A forma como percebemos o tempo sempre intrigou cientistas. Afinal, não existe um “órgão do tempo” no cérebro. Agora, uma pesquisa recente publicada na PLOS Biology oferece uma resposta mais precisa: nossa noção de duração surge a partir de uma rede hierárquica de áreas cerebrais que processam, interpretam e transformam estímulos em percepção consciente.
Como o cérebro constrói o tempo em etapas

O estudo mostra que a percepção temporal não acontece de uma vez. Ela é resultado de um processo em camadas, cada uma com uma função específica.

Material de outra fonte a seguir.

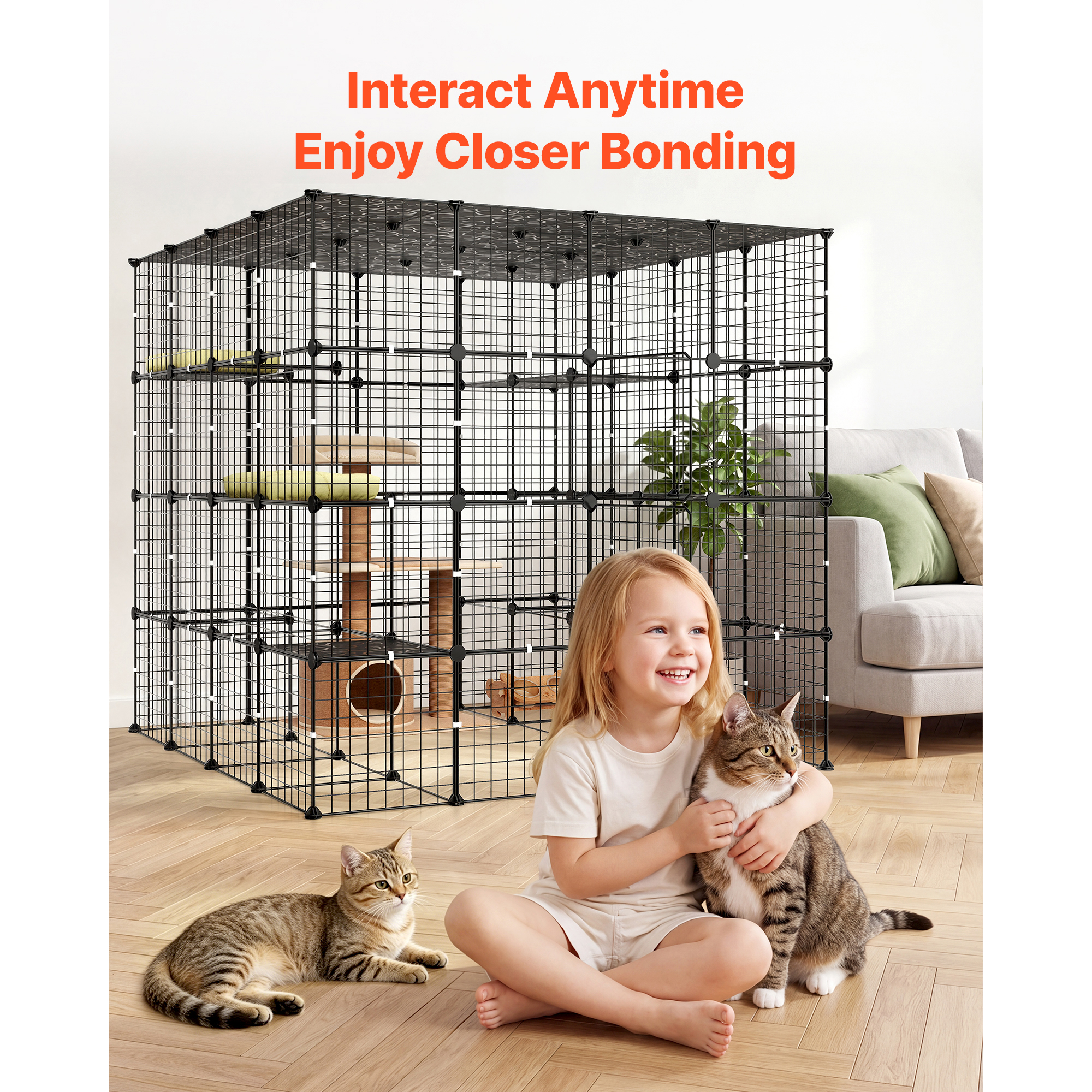 Cat Cage 4-Tier 55"x55"x55" Large DIY Cat Playpen Indoor Enclosure, Detachable Metal Wire Kennel Crate With 3 Doors & Locks, Exercise Place Ideal For 2-3 Cats, Kittens And Small Animals, Black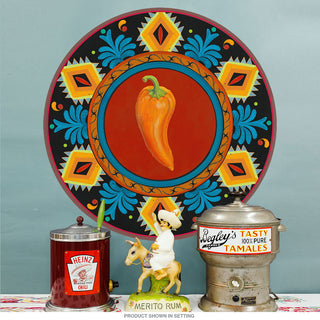 Orange Chili Pepper Talavera Style Mexican Wall Decal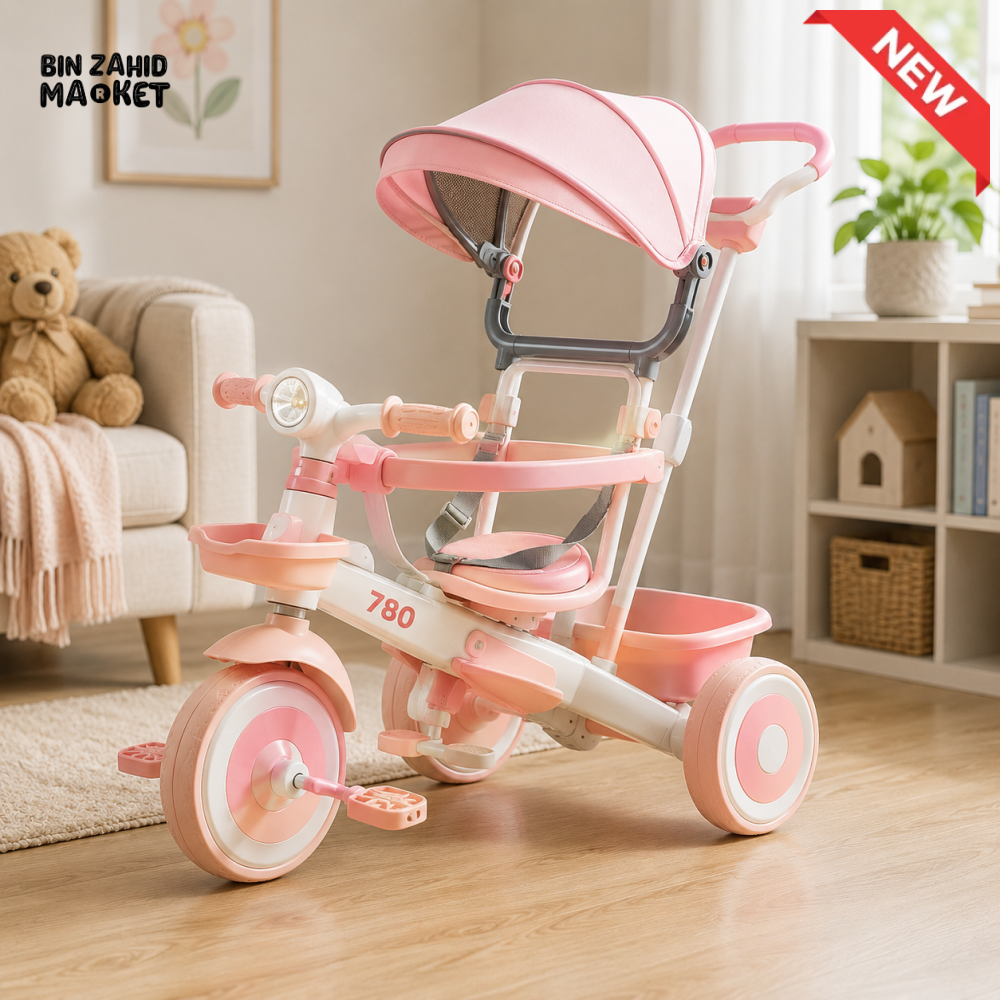 LUXURY BABY STROLLER TRICYCLE WITH CANOPY - PINK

Tudo começa na corteza visual. Nessa região, os neurônios respondem diretamente à duração de um estímulo: quanto mais tempo ele permanece, maior é a atividade neural. Esse primeiro estágio ainda não distingue categorias de tempo — ele apenas registra a duração de forma contínua.
Em seguida, a informação segue para a corteza parietal e áreas premotoras. Aqui ocorre um salto importante: certas populações de neurônios passam a responder a intervalos específicos. Isso permite que o cérebro discrimine durações com precisão, especialmente na escala de milissegundos.

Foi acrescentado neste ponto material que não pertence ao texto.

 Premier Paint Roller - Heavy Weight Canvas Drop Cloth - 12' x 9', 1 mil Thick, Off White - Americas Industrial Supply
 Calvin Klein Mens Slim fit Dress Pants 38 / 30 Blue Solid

Por fim, o processamento chega às regiões frontais e à ínsula anterior. É nesse ponto que a duração deixa de ser apenas um dado físico e se transforma em experiência subjetiva. O cérebro passa a classificar o tempo com base na percepção individual.
Um modelo hierárquico para explicar a percepção temporal
Os pesquisadores — incluindo Valeria Centanino, Gianfranco Fortunato e Domenica Bueti — propõem um modelo hierárquico para descrever esse processo.
Segundo o estudo, existem dois padrões principais de atividade neural:
- Resposta monotônica: observada nas áreas visuais, onde a atividade aumenta proporcionalmente à duração do estímulo
- Representação seletiva (unimodal): presente nas regiões parietais e premotoras, onde neurônios respondem a durações específicas
Nas etapas finais, nas áreas frontais e na ínsula, essas informações são integradas com a experiência subjetiva. Isso explica por que duas pessoas podem perceber o mesmo intervalo de tempo de maneiras diferentes.
Os autores destacam que “a percepção do tempo não é um processo unitário”, mas sim o resultado de múltiplas etapas distribuídas no cérebro.
Como os cientistas chegaram a essas conclusões
Para investigar o fenômeno, os pesquisadores utilizaram ressonância magnética funcional de ultra-alta resolução (7 Tesla). Treze voluntários participaram de experimentos nos quais precisavam classificar a duração de estímulos visuais em intervalos muito curtos.
A combinação entre mapeamento anatômico e modelos baseados em atividade neural permitiu identificar com precisão quais áreas estavam envolvidas em cada etapa do processamento.
Os resultados indicam que a organização do tempo no cérebro é tanto topográfica quanto hierárquica. Ou seja, diferentes regiões têm funções específicas, mas trabalham de forma integrada.
Por que o tempo parece diferente dependendo da situação

Uma das implicações mais interessantes do estudo é entender por que o tempo não é percebido de forma constante.
Como a etapa final envolve regiões ligadas à interpretação subjetiva, fatores como atenção, emoção e contexto podem alterar a percepção temporal. É por isso que:
- Momentos intensos parecem passar rápido
- Situações monótonas parecem se arrastar
- Situações de estresse podem distorcer completamente a noção de duração
O cérebro não apenas mede o tempo — ele o interpreta.
O que isso muda na ciência
Esses achados ajudam a revisar modelos antigos que tentavam localizar a percepção do tempo em uma única região cerebral. Em vez disso, o estudo mostra que se trata de um sistema distribuído e flexível.
Esse novo entendimento pode ter aplicações importantes, especialmente no estudo de distúrbios neurológicos e psiquiátricos em que a percepção do tempo é alterada, como:
- Transtornos de ansiedade
- Depressão
- Doenças neurodegenerativas
Ao compreender como o cérebro constrói o tempo, os cientistas podem avançar na investigação dessas condições.
No fim das contas, a pesquisa reforça uma ideia fascinante: o tempo que sentimos não é exatamente o tempo que passa. É uma construção do cérebro — moldada, a cada instante, por múltiplas camadas de processamento invisível.